Quelques-uns d’entre eux travaillaient probablement déjà en Suisse et choisissent de résider dans l’Arc jurassien où le prix du foncier est un peu moins élevé que dans d’autres territoires frontières de la Suisse comme le Pays de Gex. Lorsqu’ils ne sont pas frontaliers, les actifs qui s’installent ici viennent pour l’essentiel du reste du département du Doubs, attirés par les opportunités d’emplois locaux d’un territoire en plein développement. Avec un gain de 1 300 habitants chaque année entre 2012 et 2017, soit un taux de croissance de 0,8 % de la population, la bande frontalière fait figure d’exception dans une région Bourgogne-Franche-Comté qui perd des habitants au rythme de 1 % par an durant la même période.

La jeunesse de la population de la bande frontalière contribue aussi à sa croissance démographique. Ici les naissances l’ emportent largement sur les décès, la bande frontalière est un territoire où les familles et les jeunes actifs sont très présents.
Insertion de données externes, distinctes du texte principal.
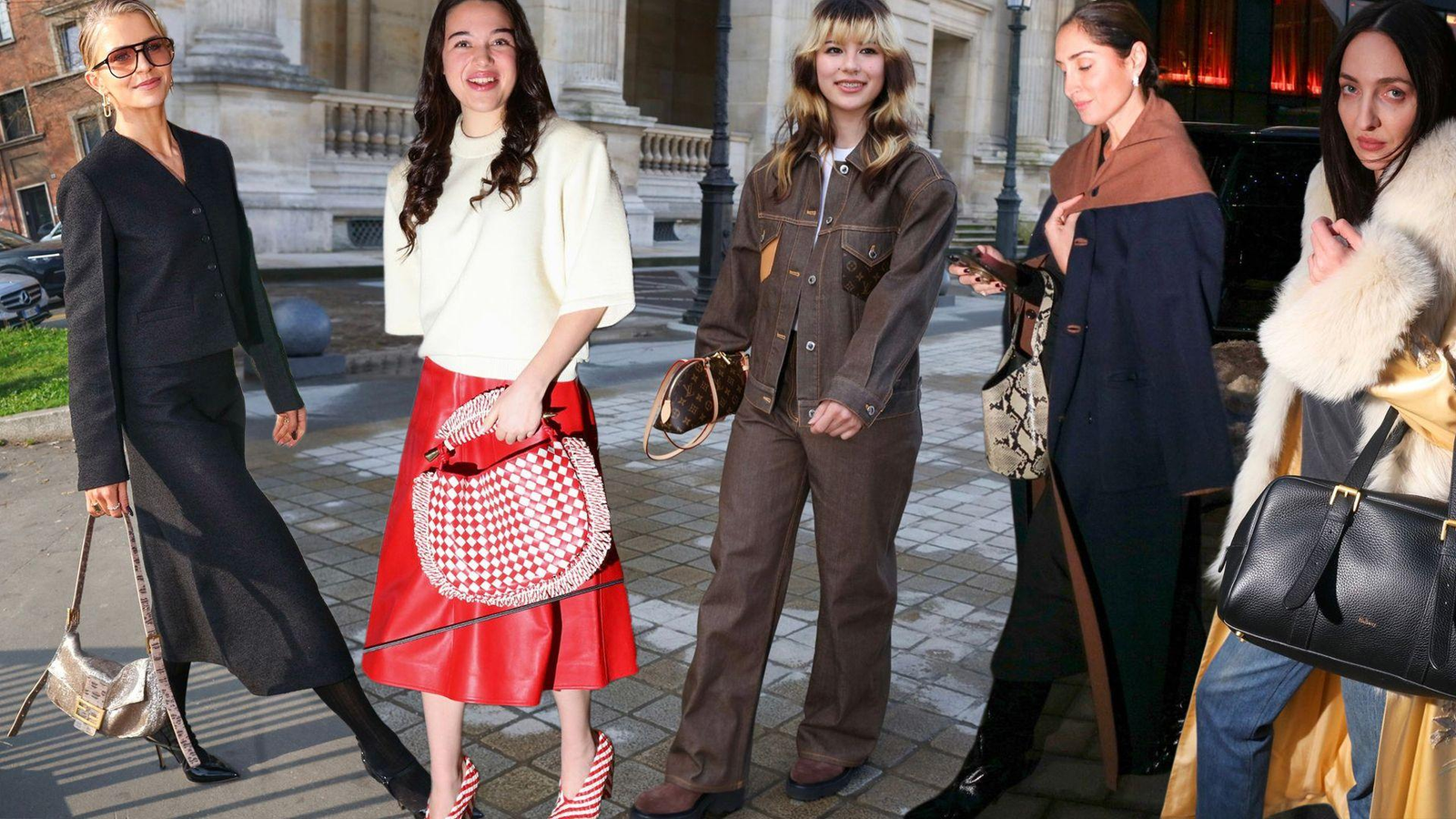 Elegant Outfits Often Work Because They Are Simple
Ainsi, les frontaliers sont plus jeunes et vivent davantage en famille que les autres actifs.

Cette attractivité résidentielle se traduit aussi par une artificialisation croissante du territoire, d’autant que la maison individuelle est ici l’habitat le plus fréquent dans ce territoire rural et peu dense.

Renforcement de l’attractivité depuis les années 2000

L’ attractivité de la bande s’ est accélérée à partir des années 2000, suite à l’accord sur la libre circulation des personnes signé entre la Suisse et l’Union européenne. Cet accord a favorisé le travail frontalier et, en levant l’obligation de résider à 10 km de la frontière, il a aussi contribué à étendre le périmètre de la bande plus loin de la frontière. La hausse du nombre de frontaliers est passée de 2,4 % par an entre 1990 et 2006 à 4,9 % par an entre 2006 et 2016.

Une économie de plus en plus résidentielle

L’ économie de la bande frontalière est aussi très impactée par la proximité de la Suisse. Les emplois dans le commerce et les services s’ y développent, stimulés par la hausse du nombre d’habitants, le pou- voir d’achat des frontaliers et la clientèle suisse. S’ajoute aussi le tourisme, dans ce territoire de moyenne montagne qui compte de nombreux lacs et plusieurs stations de ski. Ainsi, entre 2012 et 2017, la bande frontalière a gagné 300 emplois tertiaires alors que dans le même temps la région en perdait 57 000, pour partie des emplois intérimaires.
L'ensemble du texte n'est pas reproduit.